Why is the government wasting a billion on technological pie in the sky?

While waiting for the comprehensive spending review, I passed the time watching two clips from British Pathé newsreels of the late 1940s. One featured Welsh housewives moaning about Stafford Cripps’s budget — one so angry at the cut in cheese rations that she threatened to shoot the Labour chancellor. The other clip, in characteristically uplifting tones, unveiled the Bristol Brabazon — the elephantine passenger plane with wings longer than Waterloo Bridge which was supposed to bolster the British aeronautical industry. A single phrase stands out as the camera fixes on mechanics carefully removing the chocks for its maiden flight: ‘You don’t take any chances with £12 million of taxpayers’ money.’

It is a laughable untruth. No matter how grim its austerity programme, no government can resist throwing money at technological pies in the sky. It was almost uncanny after the newsreels to watch George Osborne take a billion in child benefit from the pockets of families — and then splash it instead on a demonstration project into carbon capture and storage (CCS) technology.

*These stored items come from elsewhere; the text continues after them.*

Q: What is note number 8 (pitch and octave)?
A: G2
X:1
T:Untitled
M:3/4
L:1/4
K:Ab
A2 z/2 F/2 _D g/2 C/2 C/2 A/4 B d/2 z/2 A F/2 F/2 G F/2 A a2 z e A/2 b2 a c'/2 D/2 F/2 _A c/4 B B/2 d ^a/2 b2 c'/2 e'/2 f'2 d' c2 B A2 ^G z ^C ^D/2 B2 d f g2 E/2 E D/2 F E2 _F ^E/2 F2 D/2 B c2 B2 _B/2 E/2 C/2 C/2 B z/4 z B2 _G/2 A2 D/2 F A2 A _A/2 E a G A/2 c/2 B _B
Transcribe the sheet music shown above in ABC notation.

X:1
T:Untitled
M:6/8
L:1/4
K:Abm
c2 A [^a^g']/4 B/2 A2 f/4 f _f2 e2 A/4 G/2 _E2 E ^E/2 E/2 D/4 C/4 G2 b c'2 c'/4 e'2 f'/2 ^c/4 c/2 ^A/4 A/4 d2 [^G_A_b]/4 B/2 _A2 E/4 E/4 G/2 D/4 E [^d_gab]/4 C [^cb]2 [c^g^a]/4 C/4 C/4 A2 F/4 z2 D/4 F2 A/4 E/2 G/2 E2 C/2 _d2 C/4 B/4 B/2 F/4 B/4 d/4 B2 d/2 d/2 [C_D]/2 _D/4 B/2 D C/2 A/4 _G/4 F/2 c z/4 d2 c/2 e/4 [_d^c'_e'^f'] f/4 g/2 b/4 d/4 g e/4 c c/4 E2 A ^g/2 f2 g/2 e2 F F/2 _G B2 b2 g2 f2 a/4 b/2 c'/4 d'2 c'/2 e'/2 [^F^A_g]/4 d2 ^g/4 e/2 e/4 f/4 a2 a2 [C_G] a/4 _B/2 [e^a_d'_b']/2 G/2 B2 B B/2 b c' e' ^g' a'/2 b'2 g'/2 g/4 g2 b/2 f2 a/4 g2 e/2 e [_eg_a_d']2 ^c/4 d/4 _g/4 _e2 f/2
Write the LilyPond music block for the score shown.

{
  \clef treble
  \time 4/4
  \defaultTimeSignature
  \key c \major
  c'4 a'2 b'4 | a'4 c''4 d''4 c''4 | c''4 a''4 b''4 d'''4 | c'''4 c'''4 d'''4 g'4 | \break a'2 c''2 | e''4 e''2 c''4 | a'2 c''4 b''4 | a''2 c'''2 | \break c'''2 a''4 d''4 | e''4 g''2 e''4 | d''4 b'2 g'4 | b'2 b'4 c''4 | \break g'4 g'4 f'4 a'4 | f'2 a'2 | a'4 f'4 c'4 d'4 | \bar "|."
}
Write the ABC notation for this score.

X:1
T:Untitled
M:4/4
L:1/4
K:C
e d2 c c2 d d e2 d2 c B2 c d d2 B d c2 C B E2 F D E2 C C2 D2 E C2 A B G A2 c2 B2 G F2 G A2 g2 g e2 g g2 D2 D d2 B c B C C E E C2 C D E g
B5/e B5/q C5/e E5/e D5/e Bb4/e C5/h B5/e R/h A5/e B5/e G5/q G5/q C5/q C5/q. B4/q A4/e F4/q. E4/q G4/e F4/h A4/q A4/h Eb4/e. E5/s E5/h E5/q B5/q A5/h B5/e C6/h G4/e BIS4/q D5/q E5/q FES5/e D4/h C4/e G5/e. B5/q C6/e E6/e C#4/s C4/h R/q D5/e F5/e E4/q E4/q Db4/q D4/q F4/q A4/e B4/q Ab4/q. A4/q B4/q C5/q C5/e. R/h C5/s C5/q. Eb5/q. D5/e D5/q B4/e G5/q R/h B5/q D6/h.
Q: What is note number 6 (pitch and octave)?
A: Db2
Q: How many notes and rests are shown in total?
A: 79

Who, presented with one of those wonderful popular science magazine diagrams, could object to a bung to help British industry take a lead in this promising technology? After all, it’ll enable us to carry on burning oil and coal yet cutting our carbon emissions in the process, right? And it looks beautifully simple. You suck carbon dioxide from a power station chimney and, with the aid of solvents liquefy it, pump it out to sea through a pipeline and bury it several thousand feet down in one of the now-empty rock chambers whence the oil or gas came in the first place. Pumped into the right place, the CO2 might even help force out more oil and gas, extending the life of North Sea oil and gas fields.